Over the last decade, it has become something of a trend that has showed no sign of slowing down – the trend continued by claiming disgraced tight end Brandon Bostick. If was only one or two players that have taken the westward trail across the Mississippi River, it would be one thing. But the list has been long and illustrious.
The funny thing is that it has largely been a one-way street. About the only Viking that has portaged eastward across the Mississippi was Letroy Guion. Other than Guion, it’s hard to find many Vikings that made the Lambeau Leap to Green Bay. It’s been one-sided and continues to grow.
One of the initial big splashes came in 2005 when Darren Sharper came over from the Packers and became an immediate leader in the Vikings defense. But the exodus of Packers players and the interest from the Vikings has gone well beyond that.
The Packers organization is still torn about the Brett Favre situation. General manager Ted Thompson made the decision in 2008 that Favre wasn’t the answer anymore. He was convinced the Pack had an emerging star in Aaron Rodgers, but as long as the NFL ironman was still in the house, they had no idea what they had in Rodgers and the only way to find out was to exile Favre when he balked at the idea of retirement. When he forced their hand, he was exiled to the Jets, who were forced to agree to a trade that would cost them two first-round picks if they turned around and traded Favre specifically to the Vikings.
Why? Because the Vikings had a history of falling in love with Packers players. They already had Sharper and Ryan Longwell. Less than a year later, when the Jets were convinced that Mark Sanchez was going to be their quarterback for the next decade and traded up to get him, Favre made his roundabout trip to Minnesota – a decision that created a Green Bay rift that has taken almost five years to start scabbing over.
While the Favre decision was a no-brainer – only tens of fans were interested in the training camp starter battle between Tarvaris Jackson and Sage Rosenfels – the Vikings have maintained a history of doing reclamations on former Packers.
Wide receiver has been the primary source of Vikings organizational man-love. Robert Ferguson was brought in to compete for a starting job, but was more reminiscent of the “Saturday Night Live” parody Turd Ferguson. In 23 games over two seasons, he caught just 35 passes for 416 yards and one touchdown. When he was cut loose after the 2008 season, nobody else came calling and he eventually retired.

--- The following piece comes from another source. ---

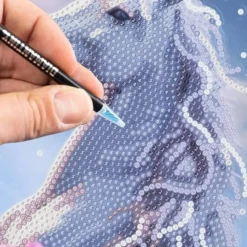 UNICE Arte Y Manualidades*Diamantiny Level Up Fantasy (varios modelos)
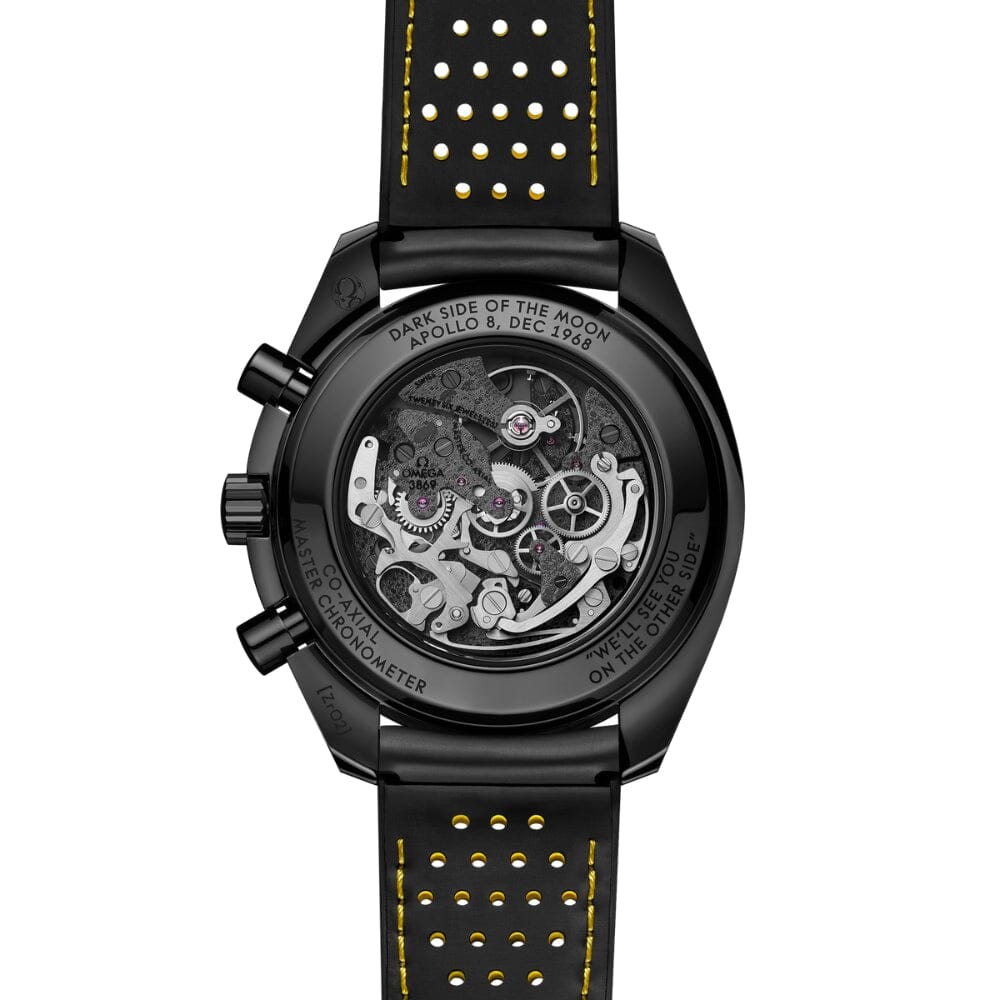 Omega Speedmaster Dark Side of the Moon Herrenchronograph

The Vikings gave former Packer Javon Walker a look in 2010 when just about everyone else thought his career was dead. He was signed prior to the final preseason game but was gone before the regular season opener.
In the case of Greg Jennings, the Vikings overspent to rob the Packers of one of Aaron Rodgers’ primary targets. But with Jordy Nelson and Randall Cobb waiting in the wings for big contracts, there was no way the Packers were going to make anything but a low-ball offer to Jennings, making his acquisition by the Vikings that was incredibly easy to justify for a Packers front office that wasn’t going to offer him anything even remotely half that much.
The best acquisition may well be the cheapest. The Packers brass knew they had something in Charles Johnson, but, like the Vikings with Greg Childs, injuries derailed his career. Norv Turner liked what he saw after Johnson was released and made sure Cleveland scooped him up. He did the same last fall and it appears as though the third team might be the charm. It took a while, but, like Detroit chasing its tail to draft wide receivers until finally getting it right, the Vikings may have finally found their most valuable former Packers receiver – much less for pennies on the dollar.
That’s a lot of former Packer ammunition to make you think they might be interested in Hawk, but the primary reason for that is in their recent Packer-raiding history. After missing the end of the 2011 season and all of 2012 with significant hamstring and knee injuries, few teams other than the Vikings thought Desmond Bishop had any gas left in the tank. As it turned out, everybody else was right. He played in just four games in 2013 and, after working his way into his first start, he suffered yet another injury and his season was over. Four games. Five tackles. Desmond has left the building.
If nobody else has much interest, it wouldn’t be shocking for the Vikings to bring in Hawk to compete for the middle linebacker position if the price is right. He’s been durable. In nine seasons with Green Bay, he has only missed two of 144 games. While he clearly is on the backside of his career and has significant coverage liabilities, don’t be shocked if the Vikings kick the tires at a minimum – potentially before the start of free agency.
All you need is one team to create a market for a player. Considering how often the Vikings have been that one team in terms of bringing former Packers into the enemy camp, don’t discount the possibility – even though the Packers have said goodbye to him.
Could long ex-Packers tradition continue?